(INFORMATION PROVIDED Opens)

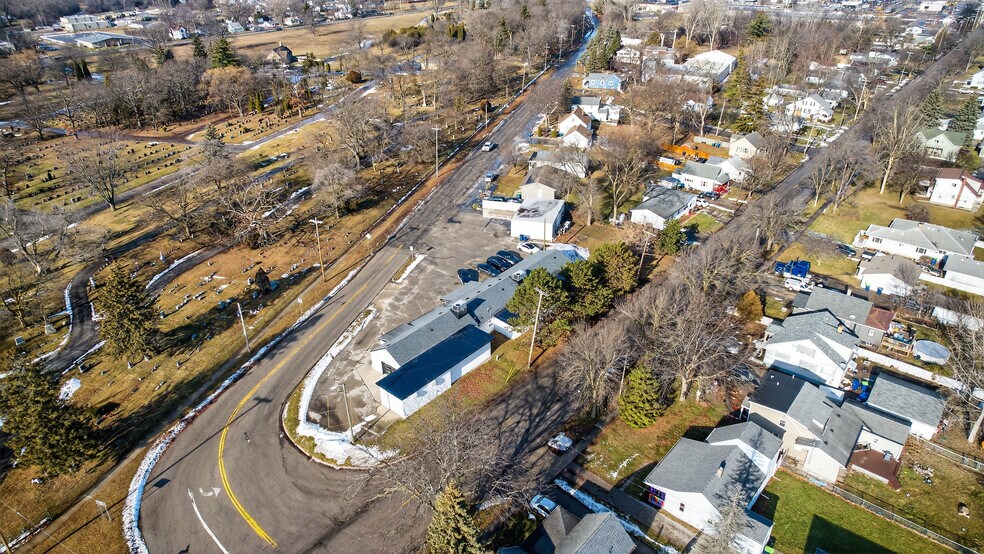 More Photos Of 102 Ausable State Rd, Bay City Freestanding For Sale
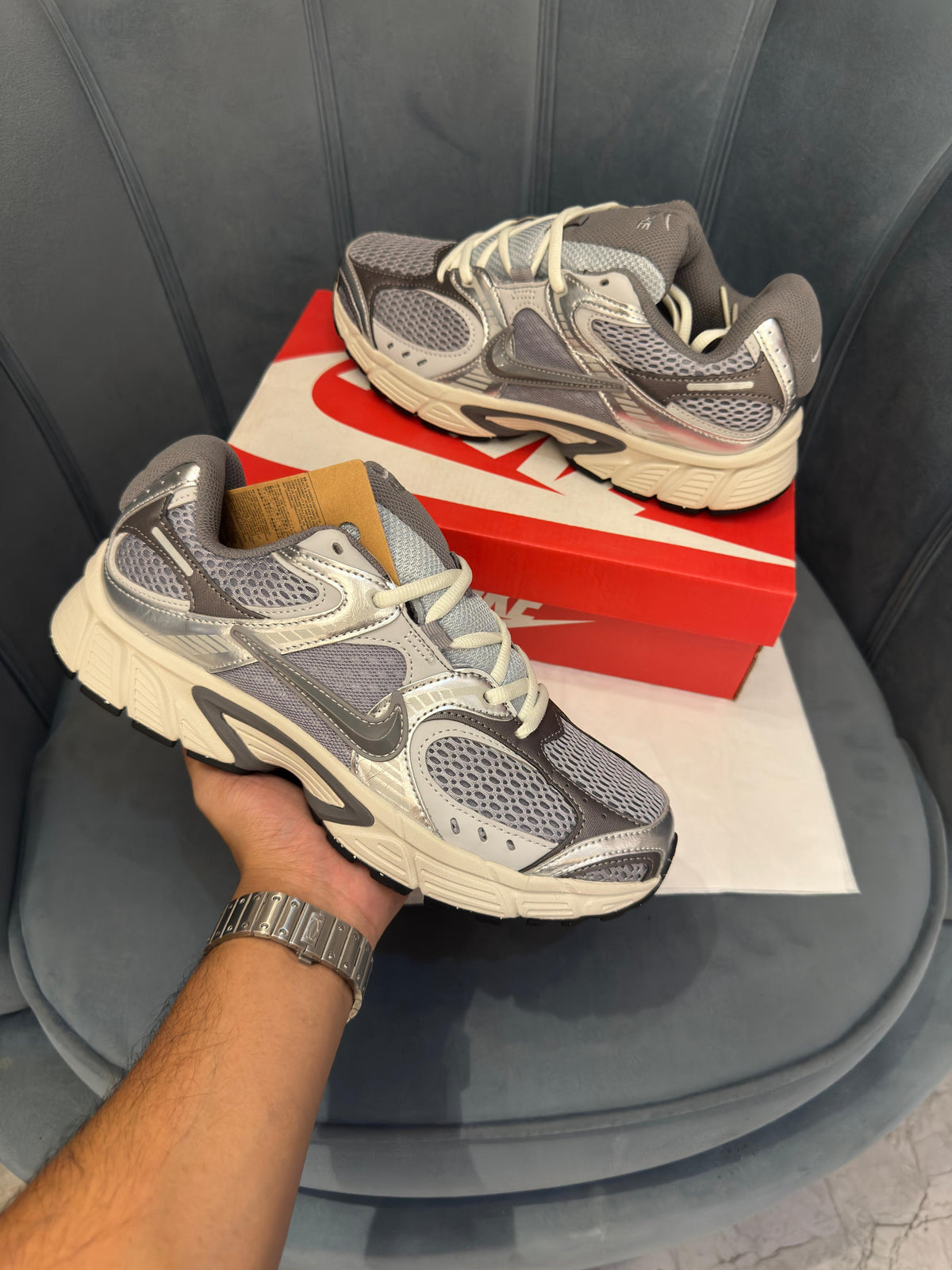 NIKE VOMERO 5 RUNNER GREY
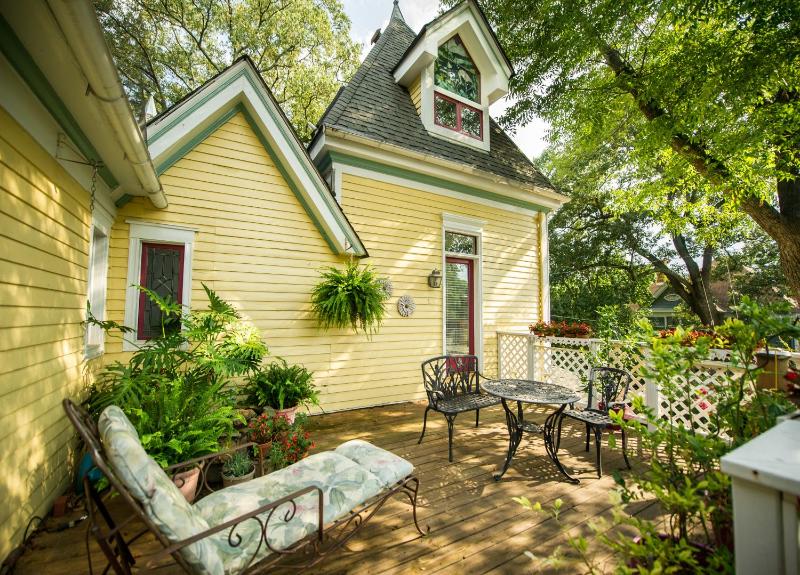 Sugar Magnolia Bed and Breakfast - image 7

(INFORMATION PROVIDED Closes)

## TASK REQUIREMENTS:
The answer must be an exact copy of the lines from the one with "NIKE VOMERO 5 RUNNER GREY" through the final line above, both ends included, and nothing else; pictures stay out.

## SOLUTION TO THIS TASK:
 NIKE VOMERO 5 RUNNER GREY
 Sugar Magnolia Bed and Breakfast - image 7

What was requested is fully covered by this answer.